Here’s a sample network topology for a distributed build:
Install distcc on the three Debian/Ubuntu-based nodes:
# apt install distcc
Edit /etc/default/distcc and set:
STARTDISTCC="true"
# Customize for your environment
ALLOWEDNETS="192.168.2.0/24"
# Specify your network device
LISTENER="192.168.2.146"
Additionally, the JOBS and NICE variables can be tweaked to suit the compute power that you have available.
Start distcc:
# systemctl start distcc
Do the same all the nodes, and if you have a firewall enabled with ufw, you will need to open up the port 3632 to the master node.
# ufw allow 3632/tcp
Additionally, if you’d like to use ssh over untrusted networks so code and communication with the worker nodes happen over a secure channel, ensure that SSH is running and is opened up to the master node in the same manner as above with the key of the master node in ~/.ssh/authorized_keys of the worker nodes. Opening port 3632 in this manner is a security hole, so take precautions over untrusted networks.
Back in the master node, setup a DISTCC_HOSTS environment variable that lists the worker nodes, including the master node. Note the order of the hosts, as it is important. The first host will be more heavily used, and distcc has no way of knowing the capacity and capability of the hosts, so specify the most powerful host first.
export DISTCC_HOSTS='localhost 192.168.2.107 192.168.2.91'
At this point, you’re ready to compile.
Go to your codebase, in this case we use the Linux kernel source code for the purpose of example.
$ make tinyconfig
$ time make -j$(nproc) CC=distcc bzImage
On another terminal, you can monitor the status of the distributed compilation with distmoncc-text or tools such as top or bpytop.

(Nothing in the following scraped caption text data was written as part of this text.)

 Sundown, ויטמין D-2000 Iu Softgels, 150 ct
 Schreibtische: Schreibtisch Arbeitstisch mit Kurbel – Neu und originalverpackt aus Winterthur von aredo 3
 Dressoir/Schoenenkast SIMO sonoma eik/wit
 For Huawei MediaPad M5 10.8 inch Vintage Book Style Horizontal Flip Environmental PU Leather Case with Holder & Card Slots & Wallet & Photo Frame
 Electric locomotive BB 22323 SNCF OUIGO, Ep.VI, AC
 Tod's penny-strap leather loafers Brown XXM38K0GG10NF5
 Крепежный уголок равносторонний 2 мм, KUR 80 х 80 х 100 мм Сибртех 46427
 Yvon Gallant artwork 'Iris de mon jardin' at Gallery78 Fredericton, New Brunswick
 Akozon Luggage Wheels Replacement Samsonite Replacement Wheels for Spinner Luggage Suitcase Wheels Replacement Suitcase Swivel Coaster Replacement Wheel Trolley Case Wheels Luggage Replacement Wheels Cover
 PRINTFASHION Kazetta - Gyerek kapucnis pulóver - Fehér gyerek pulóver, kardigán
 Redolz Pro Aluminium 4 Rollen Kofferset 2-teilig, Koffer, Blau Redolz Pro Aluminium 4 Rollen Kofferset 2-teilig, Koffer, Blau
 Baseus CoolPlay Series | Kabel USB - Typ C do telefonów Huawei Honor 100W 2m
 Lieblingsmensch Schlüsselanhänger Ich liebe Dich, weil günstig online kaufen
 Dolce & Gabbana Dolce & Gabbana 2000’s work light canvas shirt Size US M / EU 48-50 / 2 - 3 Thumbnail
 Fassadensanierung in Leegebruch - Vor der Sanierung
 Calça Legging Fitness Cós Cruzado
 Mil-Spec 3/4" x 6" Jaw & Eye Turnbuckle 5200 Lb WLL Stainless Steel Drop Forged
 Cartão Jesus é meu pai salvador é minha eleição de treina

Network throughput and latency will be a big factor in how much distcc will help speed up your build process. Using ssh may additionally introduce overhead, so play with the variables to see how much distcc can help speed up or optimize the build for your specific scenario. You may want to additionally consider ccache to speed up the build process.
There are some aspects of the build process that are not effectively parallizable in this manner, such as the final linking step of the executable, for which you will not see any performance improvement with distcc.
Give distcc a spin, and put any spare compute you have lying around in your home lab to good use.